Electrical stimulation has long been used as a tool for neural regeneration as it encourages neural differentiation and neurite outgrowth (Patel and Poo, 1982). While the mechanisms by which electrical stimulation trigger neurite outgrowth are still unclear, it has been hypothesized that the resulting protein absorption to implanted conductive substrates assist in neurite extension (Kotwal and Schmidt, 2001). The PC12s cultured with OECs on both passive and stimulated electrode materials showed an increase in neurite density compared to PC12s cultured alone. This correlates with studies performed by Feng et al. (2008) who explored the effects of OEC conditioned media on the neurite outgrowth of neuroblastic PC12 cells. In these preliminary studies it was shown that PC12s cultured with the conditioned media had a significant increase in neurite outgrowth compared to the standard DMEM, high serum control. Schmidt et al. (1997) also observed on application of 100 mV across CP films, that the neurite lengths of cultured PC12 cells had almost doubled. On application of the biphasic stimulus in this study, while PC12 cell density decreased, the neurite density of the PC12 cells cultured with OECs almost tripled in value compared to their passive counterparts. Since the percentage of viable OECs did not differ significantly between passive and stimulated samples, the increase in neurite density suggests that biphasic stimulation is encouraging the OECs to assist in the differentiation of the PC12 cells. This could be by either increased secretion of growth factor proteins or greater production of ECM. By considering the impact of electrical stimulation on OECs alone, the latter scenario is the most likely. While electrical stimulation did not show increased output of NGF, it was shown to shift the distribution of cells out of the resting state and into active DNA replication and mitosis. As such, it is probable that ECM production would also be increased in line with this increased cell activity. Further studies are required to investigate the relationship between ECM and electrical stimulation of glia, with a focus on the threshold level of electrical stimulation required to impart changes to cell proliferation and neural differentiation.

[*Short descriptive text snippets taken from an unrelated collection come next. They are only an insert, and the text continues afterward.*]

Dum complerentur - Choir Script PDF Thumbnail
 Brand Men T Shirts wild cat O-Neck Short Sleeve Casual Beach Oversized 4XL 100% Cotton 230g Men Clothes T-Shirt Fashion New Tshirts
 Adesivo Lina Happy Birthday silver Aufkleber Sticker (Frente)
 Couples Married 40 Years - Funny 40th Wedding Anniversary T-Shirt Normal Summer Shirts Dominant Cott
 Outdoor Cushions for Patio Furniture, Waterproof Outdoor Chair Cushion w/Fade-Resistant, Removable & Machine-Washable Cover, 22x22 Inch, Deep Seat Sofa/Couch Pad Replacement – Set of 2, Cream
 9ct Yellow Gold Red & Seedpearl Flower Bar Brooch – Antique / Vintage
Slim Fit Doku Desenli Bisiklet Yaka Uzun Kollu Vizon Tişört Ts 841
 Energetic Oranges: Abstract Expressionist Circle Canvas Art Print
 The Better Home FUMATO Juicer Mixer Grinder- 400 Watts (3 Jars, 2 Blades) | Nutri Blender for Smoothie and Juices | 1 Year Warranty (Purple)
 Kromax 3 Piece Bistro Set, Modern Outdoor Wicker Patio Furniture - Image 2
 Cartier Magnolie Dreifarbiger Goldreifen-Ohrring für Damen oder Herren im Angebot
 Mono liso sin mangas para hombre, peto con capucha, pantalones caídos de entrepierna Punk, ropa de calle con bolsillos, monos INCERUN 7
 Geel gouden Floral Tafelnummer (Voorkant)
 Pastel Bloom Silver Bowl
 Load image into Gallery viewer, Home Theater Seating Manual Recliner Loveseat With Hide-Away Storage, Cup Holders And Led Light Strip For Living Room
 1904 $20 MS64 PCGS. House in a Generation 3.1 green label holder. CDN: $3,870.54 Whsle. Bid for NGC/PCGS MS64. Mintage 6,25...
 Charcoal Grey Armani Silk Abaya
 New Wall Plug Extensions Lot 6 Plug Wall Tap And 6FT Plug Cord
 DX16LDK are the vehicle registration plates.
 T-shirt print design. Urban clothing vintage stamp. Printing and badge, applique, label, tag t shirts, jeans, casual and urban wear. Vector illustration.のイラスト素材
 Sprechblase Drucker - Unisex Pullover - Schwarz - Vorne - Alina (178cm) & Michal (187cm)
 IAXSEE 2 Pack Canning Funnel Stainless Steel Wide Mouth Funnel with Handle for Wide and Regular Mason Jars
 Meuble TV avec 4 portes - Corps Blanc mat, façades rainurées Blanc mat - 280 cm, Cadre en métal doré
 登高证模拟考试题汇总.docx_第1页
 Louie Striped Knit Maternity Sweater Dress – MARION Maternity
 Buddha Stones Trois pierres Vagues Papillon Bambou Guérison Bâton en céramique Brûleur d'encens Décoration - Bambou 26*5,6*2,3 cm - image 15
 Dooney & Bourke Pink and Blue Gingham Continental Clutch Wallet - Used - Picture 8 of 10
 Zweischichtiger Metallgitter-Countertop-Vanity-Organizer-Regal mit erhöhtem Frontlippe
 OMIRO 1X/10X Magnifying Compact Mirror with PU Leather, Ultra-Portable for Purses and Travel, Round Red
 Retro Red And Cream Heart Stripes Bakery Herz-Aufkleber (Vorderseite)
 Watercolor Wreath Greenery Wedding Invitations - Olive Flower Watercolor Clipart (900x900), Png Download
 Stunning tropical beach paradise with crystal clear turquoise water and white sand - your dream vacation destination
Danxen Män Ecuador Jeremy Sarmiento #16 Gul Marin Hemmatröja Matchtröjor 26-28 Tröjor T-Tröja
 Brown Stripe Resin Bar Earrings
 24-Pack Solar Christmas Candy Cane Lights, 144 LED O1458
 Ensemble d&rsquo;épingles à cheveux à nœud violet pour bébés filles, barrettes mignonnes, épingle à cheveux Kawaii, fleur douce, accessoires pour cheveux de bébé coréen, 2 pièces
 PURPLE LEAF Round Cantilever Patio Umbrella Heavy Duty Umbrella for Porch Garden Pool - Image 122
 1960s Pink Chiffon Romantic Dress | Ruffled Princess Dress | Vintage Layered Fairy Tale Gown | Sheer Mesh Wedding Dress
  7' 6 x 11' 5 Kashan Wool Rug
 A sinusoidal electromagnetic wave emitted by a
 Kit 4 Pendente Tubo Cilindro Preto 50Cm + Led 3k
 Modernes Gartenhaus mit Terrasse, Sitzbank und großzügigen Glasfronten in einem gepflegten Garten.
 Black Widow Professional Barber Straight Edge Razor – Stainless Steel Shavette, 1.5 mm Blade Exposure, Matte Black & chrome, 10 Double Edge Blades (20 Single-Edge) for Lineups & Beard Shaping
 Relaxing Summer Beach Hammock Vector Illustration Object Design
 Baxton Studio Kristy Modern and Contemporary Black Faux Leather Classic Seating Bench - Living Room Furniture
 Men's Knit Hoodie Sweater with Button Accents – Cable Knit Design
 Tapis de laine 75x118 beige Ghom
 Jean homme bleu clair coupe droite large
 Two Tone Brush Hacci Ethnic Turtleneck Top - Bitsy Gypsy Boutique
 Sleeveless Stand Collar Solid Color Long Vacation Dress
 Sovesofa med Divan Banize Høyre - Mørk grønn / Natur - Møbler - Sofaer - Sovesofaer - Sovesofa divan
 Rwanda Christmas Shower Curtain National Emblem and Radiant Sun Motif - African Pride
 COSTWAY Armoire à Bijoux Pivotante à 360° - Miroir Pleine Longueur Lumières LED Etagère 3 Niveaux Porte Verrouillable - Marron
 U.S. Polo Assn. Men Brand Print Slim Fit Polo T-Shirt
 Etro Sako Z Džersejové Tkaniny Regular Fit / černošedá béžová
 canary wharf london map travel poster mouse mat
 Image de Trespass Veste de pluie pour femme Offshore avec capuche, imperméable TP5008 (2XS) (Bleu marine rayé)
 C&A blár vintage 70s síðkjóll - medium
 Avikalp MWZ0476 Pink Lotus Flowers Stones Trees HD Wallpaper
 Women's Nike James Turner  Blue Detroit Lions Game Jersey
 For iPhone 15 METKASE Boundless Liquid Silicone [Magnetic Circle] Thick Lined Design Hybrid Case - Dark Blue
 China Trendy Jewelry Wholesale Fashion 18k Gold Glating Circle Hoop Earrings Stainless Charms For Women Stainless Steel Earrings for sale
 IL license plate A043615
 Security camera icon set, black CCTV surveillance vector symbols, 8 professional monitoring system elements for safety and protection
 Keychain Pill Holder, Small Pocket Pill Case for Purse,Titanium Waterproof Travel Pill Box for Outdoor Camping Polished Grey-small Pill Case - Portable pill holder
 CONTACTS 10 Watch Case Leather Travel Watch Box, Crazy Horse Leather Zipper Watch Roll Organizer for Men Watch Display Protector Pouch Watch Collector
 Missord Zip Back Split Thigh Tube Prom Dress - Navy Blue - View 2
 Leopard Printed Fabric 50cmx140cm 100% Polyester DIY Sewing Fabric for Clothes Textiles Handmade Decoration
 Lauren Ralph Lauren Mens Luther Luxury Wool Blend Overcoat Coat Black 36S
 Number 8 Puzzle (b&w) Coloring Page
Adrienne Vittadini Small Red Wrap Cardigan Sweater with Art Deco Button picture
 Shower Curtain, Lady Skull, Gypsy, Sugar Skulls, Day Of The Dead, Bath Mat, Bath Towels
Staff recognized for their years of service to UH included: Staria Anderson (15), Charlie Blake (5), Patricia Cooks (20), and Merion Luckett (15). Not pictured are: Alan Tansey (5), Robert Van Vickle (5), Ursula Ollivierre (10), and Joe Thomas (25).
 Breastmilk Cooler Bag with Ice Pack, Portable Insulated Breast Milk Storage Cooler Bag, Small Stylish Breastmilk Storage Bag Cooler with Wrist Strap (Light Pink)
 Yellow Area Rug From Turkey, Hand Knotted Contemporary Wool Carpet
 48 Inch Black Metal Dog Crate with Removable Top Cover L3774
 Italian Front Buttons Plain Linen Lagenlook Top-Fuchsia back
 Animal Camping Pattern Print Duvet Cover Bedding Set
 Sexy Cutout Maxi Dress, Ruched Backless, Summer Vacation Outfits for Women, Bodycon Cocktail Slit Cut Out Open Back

Another factor to consider when comparing the neural cell growth on these electrode materials is their hydrophilicity. While Pt is clearly hydrophobic, CHs are strongly hydrophilic (Green et al., 2012). This difference in surface chemistry will substantially impact on protein and hence cellular interactions. The low fouling nature of the CH has been previously shown to reduce impedance of electrodes when submerged in protein based artificial perilymph solutions (Hassarati et al., 2014). This could also explain why there may have been less neurite outgrowth for PC12s cultured alone on CHs samples, as there is expected to be less protein available at the surface during electrical stimulation. With electrically mediated extension of neurites being reliant on protein rearrangement, the lack of protein available at this surface will considerably impede neurite growth.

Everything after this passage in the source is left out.